Early Ibanez Artists

Early Ibanez Artists

Guitar Gavel Lick Of The Week with Adam Gray

Adam provides a wonderful lesson on Sting’s “Shape Of My Heart”. Such a beautiful song, and a delightful fingerpicking exercise. Thank you Adam for your precise tutorial and making this a very approachable song. WARNING: requires some hand stretches… before you do the stretches.

It’s late Monday night, the day before you receive the newsletter, and I’m fresh off the road from Nashville visiting the Amigos Guitar Show this past weekend. I met a ton of great people and drooled over some amazing guitars, but I’ll be the first to admit that after seeing a gazillion Strats and Les Pauls they really become watered down in my eyes. That’s a polite way of saying they get boring. Fender and Gibson purists may find those remarks repulsive, and I may have just lost a few subscribers :-), so to save face I’ll first post some incredible Gibson eye-candy. However, I’m generally on the lookout for less mainstream guitars, not necessarily the oddballs, but guitars that are somewhat off the beaten path so the highlight of this issue is a couple of smokin’ early Ibanez signature models which we’ll get to quickly. But first… a 1959 Les Paul burst being offered at $475,000.


Next, an immaculate Trini Lopez Standard (I think it was 1968). Priced somewhere in the $10,000-$12,000 range.

Now onto the Ibanez guitars that really strummed a chord. The Bob Weir Standard and Randy Scruggs. Bob Weir was the first Ibanez endorsed artist with his model 2680 in 1975. Ibanez followed-up signature models for George Benson in 1977 and Paul Stanley in 1978. All of their guitars were original designs and marked the beginning of Ibanez’ departure from the copy guitar game.  Side note- the Paul Stanley Iceman was first introduced in 1975 with his name being attached to the guitar in 1978.

left- Weir Standard right- Scruggs

A lesser known Ibanez electric from the same era was the Randy Scruggs model 2671. Randy is the middle son of Earl Scruggs. 

Why Randy Scruggs?

Internet rumors suggest Ibanez was courting his dad for a banjo deal which is plausible. In 1975 Ibanez made a few f-style mandolins for Bill Monroe. The extent of Bill’s involvement is questionable, but Ibanez did manage to take pictures of Bill playing one and use them in a few advertisements. 

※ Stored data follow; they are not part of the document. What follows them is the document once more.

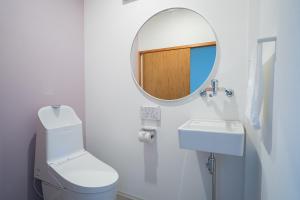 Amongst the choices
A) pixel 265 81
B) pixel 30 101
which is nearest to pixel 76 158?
pixel 30 101

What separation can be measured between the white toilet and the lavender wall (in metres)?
0.14

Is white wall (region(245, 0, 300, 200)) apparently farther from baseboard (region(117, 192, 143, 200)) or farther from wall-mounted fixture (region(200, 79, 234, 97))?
baseboard (region(117, 192, 143, 200))

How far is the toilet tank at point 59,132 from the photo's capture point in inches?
54.9

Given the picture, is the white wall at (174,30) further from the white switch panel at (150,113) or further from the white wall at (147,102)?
the white switch panel at (150,113)

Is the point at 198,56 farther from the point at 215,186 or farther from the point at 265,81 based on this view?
the point at 215,186

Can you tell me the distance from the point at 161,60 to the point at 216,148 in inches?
32.5

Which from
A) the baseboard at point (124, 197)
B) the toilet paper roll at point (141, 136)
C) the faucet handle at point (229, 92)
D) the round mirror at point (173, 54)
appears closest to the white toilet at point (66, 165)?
the toilet paper roll at point (141, 136)

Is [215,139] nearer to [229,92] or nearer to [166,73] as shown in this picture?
[229,92]

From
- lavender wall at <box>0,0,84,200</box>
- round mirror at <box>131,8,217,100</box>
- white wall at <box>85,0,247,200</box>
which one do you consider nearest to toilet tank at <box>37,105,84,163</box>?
lavender wall at <box>0,0,84,200</box>

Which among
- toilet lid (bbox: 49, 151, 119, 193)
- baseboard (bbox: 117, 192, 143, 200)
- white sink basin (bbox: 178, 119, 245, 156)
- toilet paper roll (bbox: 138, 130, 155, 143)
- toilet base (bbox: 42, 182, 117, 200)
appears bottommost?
baseboard (bbox: 117, 192, 143, 200)

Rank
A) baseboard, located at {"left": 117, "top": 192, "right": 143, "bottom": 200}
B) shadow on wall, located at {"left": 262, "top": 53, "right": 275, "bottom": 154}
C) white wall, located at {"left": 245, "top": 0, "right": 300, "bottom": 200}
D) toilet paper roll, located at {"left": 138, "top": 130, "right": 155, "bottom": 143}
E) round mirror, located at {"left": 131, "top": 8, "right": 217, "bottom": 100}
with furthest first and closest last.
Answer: baseboard, located at {"left": 117, "top": 192, "right": 143, "bottom": 200}
toilet paper roll, located at {"left": 138, "top": 130, "right": 155, "bottom": 143}
round mirror, located at {"left": 131, "top": 8, "right": 217, "bottom": 100}
shadow on wall, located at {"left": 262, "top": 53, "right": 275, "bottom": 154}
white wall, located at {"left": 245, "top": 0, "right": 300, "bottom": 200}

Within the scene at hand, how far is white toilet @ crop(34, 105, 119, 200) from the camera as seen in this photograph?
3.89 feet

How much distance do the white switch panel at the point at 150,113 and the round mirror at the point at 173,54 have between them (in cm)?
11

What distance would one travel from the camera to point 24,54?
1.46 meters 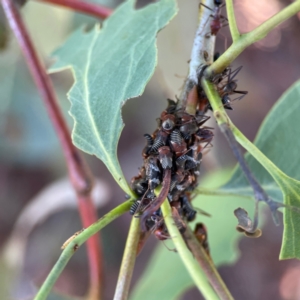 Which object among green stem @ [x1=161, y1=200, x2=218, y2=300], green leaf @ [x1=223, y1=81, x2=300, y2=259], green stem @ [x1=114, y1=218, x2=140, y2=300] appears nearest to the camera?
green stem @ [x1=161, y1=200, x2=218, y2=300]

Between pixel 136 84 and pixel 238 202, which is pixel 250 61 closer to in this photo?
pixel 238 202

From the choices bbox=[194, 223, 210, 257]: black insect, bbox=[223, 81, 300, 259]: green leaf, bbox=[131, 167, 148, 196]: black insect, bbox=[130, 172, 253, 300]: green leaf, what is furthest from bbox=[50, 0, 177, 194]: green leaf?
bbox=[130, 172, 253, 300]: green leaf

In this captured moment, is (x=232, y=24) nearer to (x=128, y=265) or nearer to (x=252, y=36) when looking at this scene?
(x=252, y=36)

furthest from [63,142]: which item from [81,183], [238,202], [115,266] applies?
[115,266]

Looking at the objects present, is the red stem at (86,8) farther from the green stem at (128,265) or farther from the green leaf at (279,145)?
the green stem at (128,265)

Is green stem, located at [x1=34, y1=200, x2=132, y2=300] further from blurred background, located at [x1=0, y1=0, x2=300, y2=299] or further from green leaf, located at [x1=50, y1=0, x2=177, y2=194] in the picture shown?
blurred background, located at [x1=0, y1=0, x2=300, y2=299]

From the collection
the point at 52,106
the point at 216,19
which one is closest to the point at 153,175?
the point at 216,19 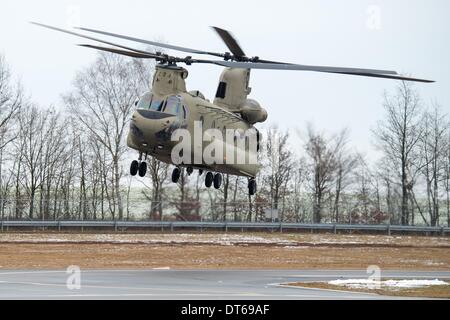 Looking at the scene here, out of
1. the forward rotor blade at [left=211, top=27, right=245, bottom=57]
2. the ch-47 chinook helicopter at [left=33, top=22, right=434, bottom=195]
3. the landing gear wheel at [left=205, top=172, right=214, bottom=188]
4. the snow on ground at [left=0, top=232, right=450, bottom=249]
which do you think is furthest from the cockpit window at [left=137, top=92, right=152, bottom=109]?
the snow on ground at [left=0, top=232, right=450, bottom=249]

Randy’s signature guitar first appeared alongside Weir’s in the 1976 Ibanez Professional catalog. Unlike his contemporaries, Scrugg’s guitar was essentially a Les Paul copy.

Or it was essentially the single cut companion to Weir’s (pictured from the show is the Standard with dot inlays, model 2680). Both were ash bodies with a German carve and exhibited the ornate “vine of life” mother of pearl fret inlay that extended into the scroll headstock. Randy’s 2671 sported two Super 70 humbuckers and a phase switch. 


Two years later in 1977 Ibanez trotted out the 2671S, no phase switch, split block inlays and Super 80 humbuckers. The model was short-lived and discontinued after 1978. Various versions included a harmonica bridge and cloud tailpiece, but the carved ash body remained. 

Ibanez 2671 specs: Ash body, Set maple neck, Ebony fretboard, MOP vine inlay, Super 70 humbuckers, 3-way selector, Phase switch, Two volume, two tone controls

Seeing both of these guitars side-by-side was impressive and the Scruggs is the standout of the two in my opinion. Historically speaking, the Weir model, exhibiting the shallow symmetrical double cuts was the first incarnation of Ibanez’ Artist series guitars that debuted a year later in 1976. That style (shown below) was the basis for Weir’s Cowboy Fancy and the epitome of Ibanez style before the 1980s.